- **Exercise description**: Transcribe the data underneath exactly. No images belong in your version.

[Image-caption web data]
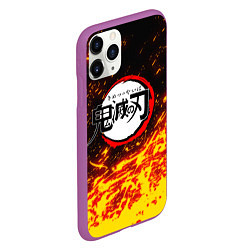 Чехол iPhone 11 Pro матовый KIMETSU NO YAIBA, цвет: 3D-фиолетовый — фото 2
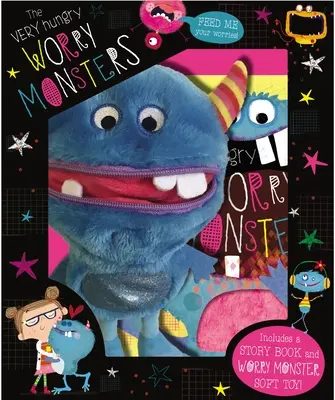 Juego de peluche y libro del Monstruo Preocupado Muy Hambriento [con peluche]. - The Very Hungry Worry Monster Plush and Book Box Set [With Plush]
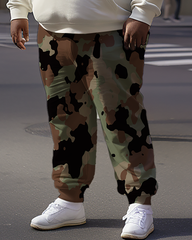Sweat à capuche et pantalon camouflage imprimé 3D pour hommes, grande taille 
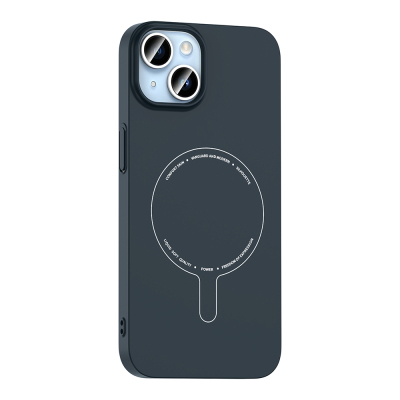 Apple iPhone 14 Kılıf M-Safe Şarj Özellikli Kamera Korumalı Zore Elio Sert PC Kapak - 12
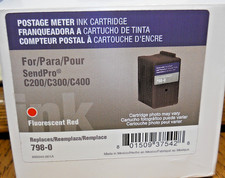 NIB Replaces 798-0 Postage Meter Red Ink Cartridge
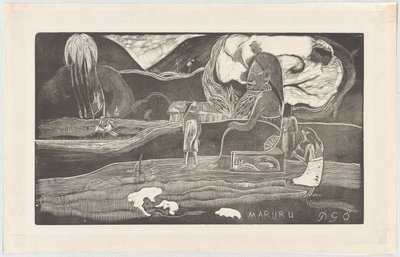 Maruru by Paul Gauguin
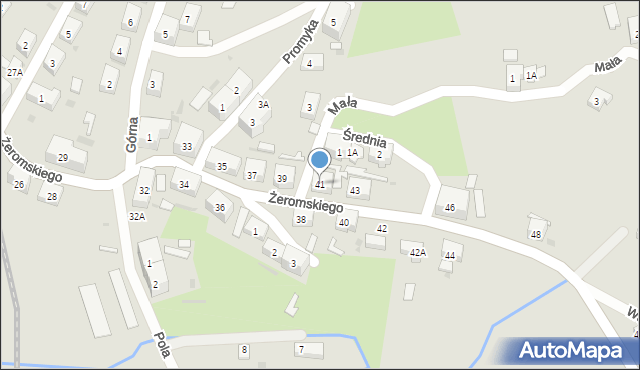 Boguszów-Gorce, Żeromskiego Stefana, 41, mapa Boguszów-Gorce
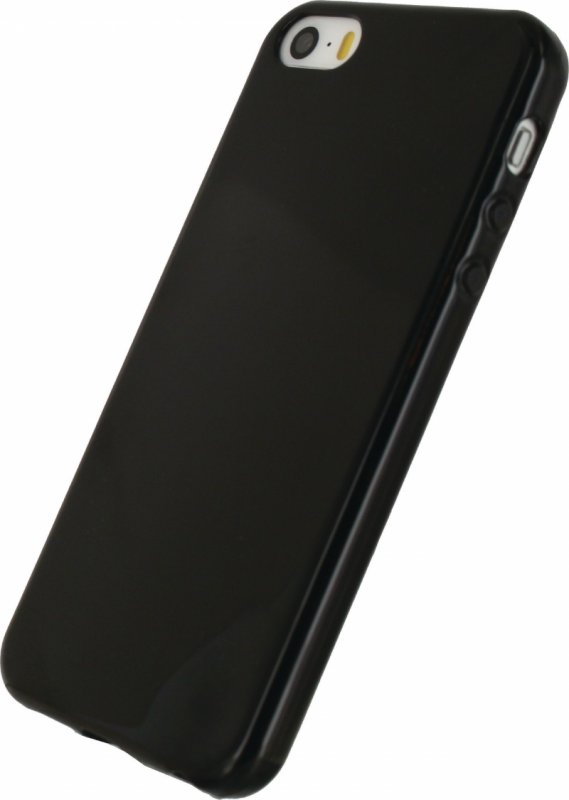 Telefon Gelové Pouzdro Apple iPhone 5 / 5s / SE Černá - obrázek č. 2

- **Expected output**:
 Чехол iPhone 11 Pro матовый KIMETSU NO YAIBA, цвет: 3D-фиолетовый — фото 2
 Juego de peluche y libro del Monstruo Preocupado Muy Hambriento [con peluche]. - The Very Hungry Worry Monster Plush and Book Box Set [With Plush]
Sweat à capuche et pantalon camouflage imprimé 3D pour hommes, grande taille 
 Apple iPhone 14 Kılıf M-Safe Şarj Özellikli Kamera Korumalı Zore Elio Sert PC Kapak - 12
 NIB Replaces 798-0 Postage Meter Red Ink Cartridge
 Maruru by Paul Gauguin
 Boguszów-Gorce, Żeromskiego Stefana, 41, mapa Boguszów-Gorce
 Telefon Gelové Pouzdro Apple iPhone 5 / 5s / SE Černá - obrázek č. 2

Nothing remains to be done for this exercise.